• **Directions for this task**: Every entry, start to finish, should be printed verbatim without pictures.

• **Source data**:
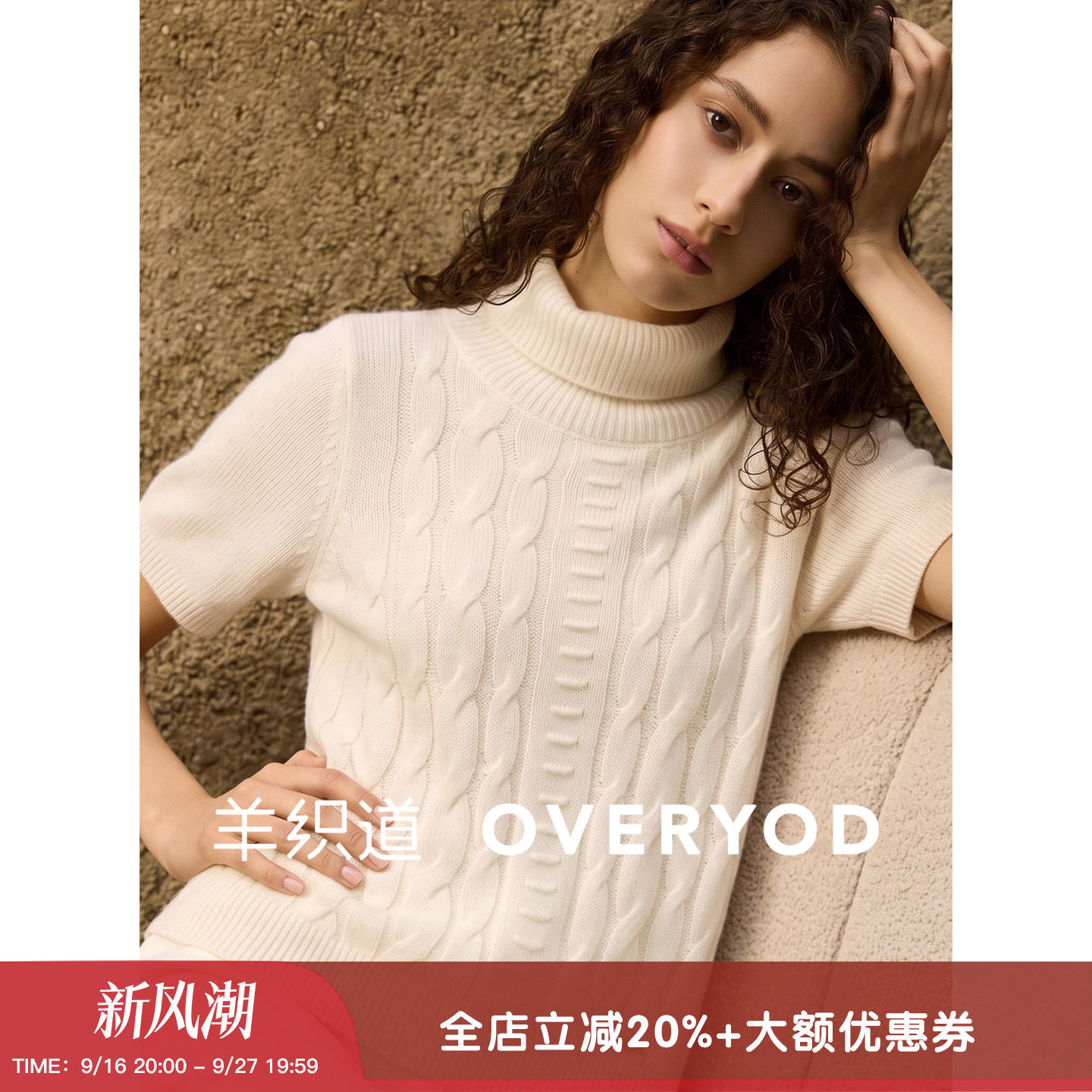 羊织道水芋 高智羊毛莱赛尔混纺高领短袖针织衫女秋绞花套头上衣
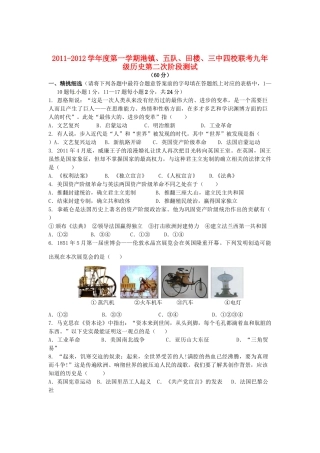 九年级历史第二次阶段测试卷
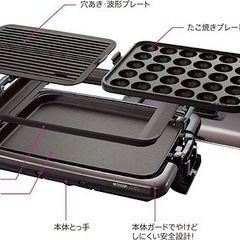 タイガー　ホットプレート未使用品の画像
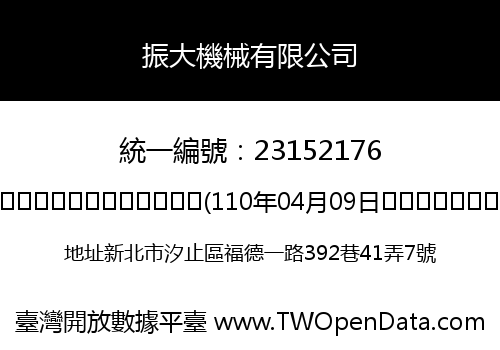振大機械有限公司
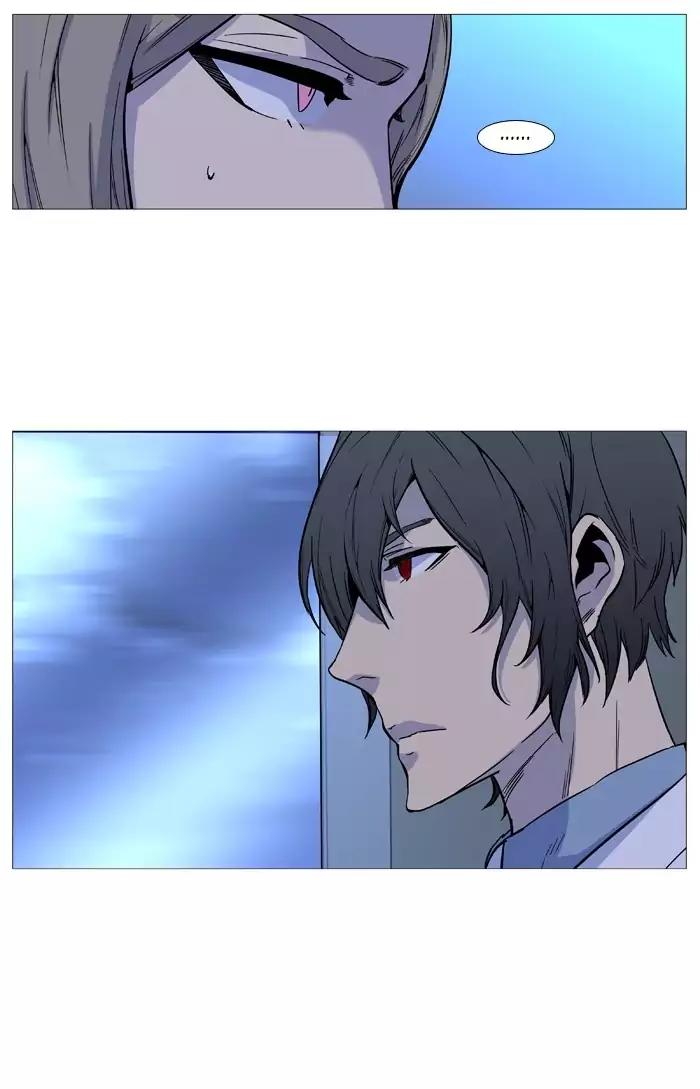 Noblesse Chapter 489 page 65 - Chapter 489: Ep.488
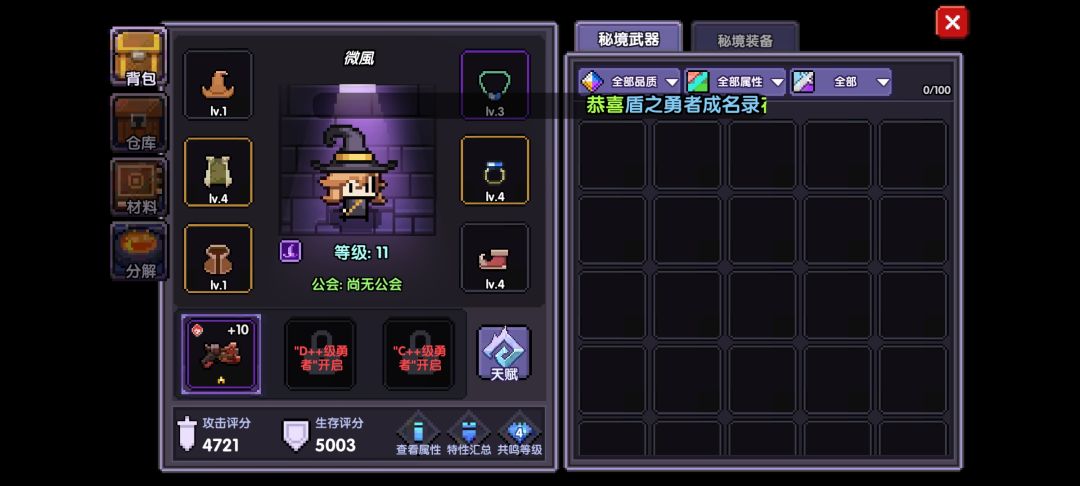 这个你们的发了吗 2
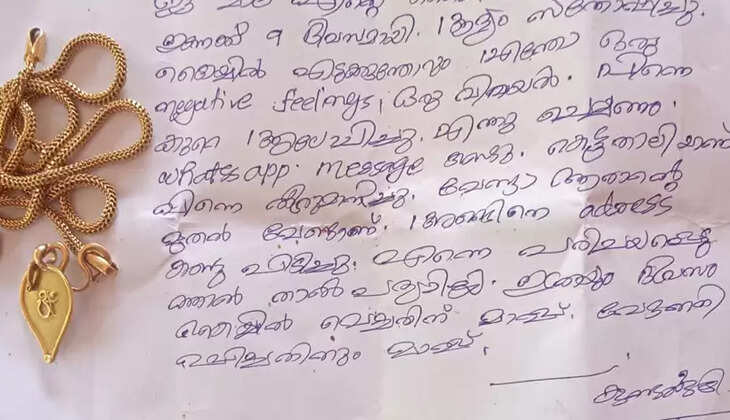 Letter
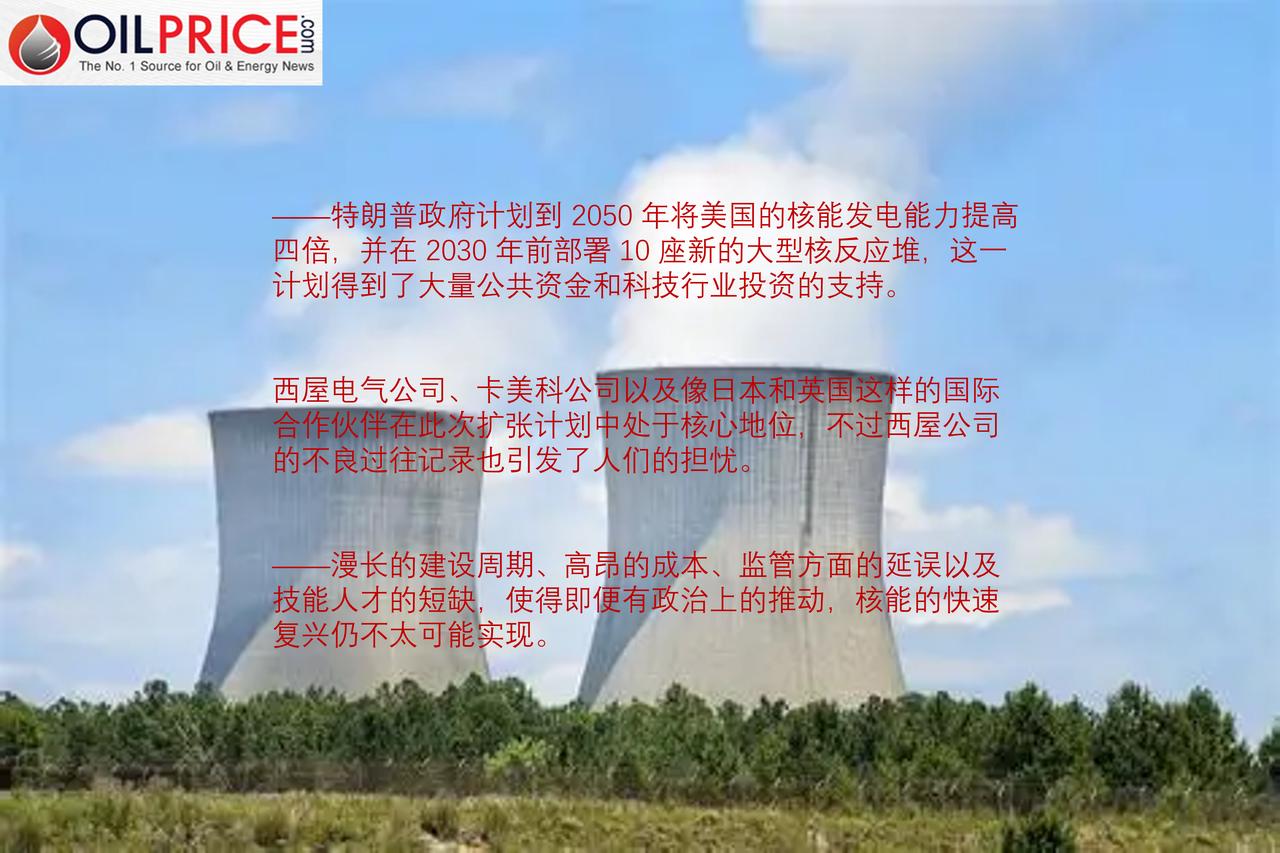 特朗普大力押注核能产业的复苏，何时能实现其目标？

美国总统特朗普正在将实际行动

• **Output for this task**:
 羊织道水芋 高智羊毛莱赛尔混纺高领短袖针织衫女秋绞花套头上衣
 九年级历史第二次阶段测试卷
 タイガー　ホットプレート未使用品の画像
振大機械有限公司
 Noblesse Chapter 489 page 65 - Chapter 489: Ep.488
 这个你们的发了吗 2
 Letter
 特朗普大力押注核能产业的复苏，何时能实现其目标？

美国总统特朗普正在将实际行动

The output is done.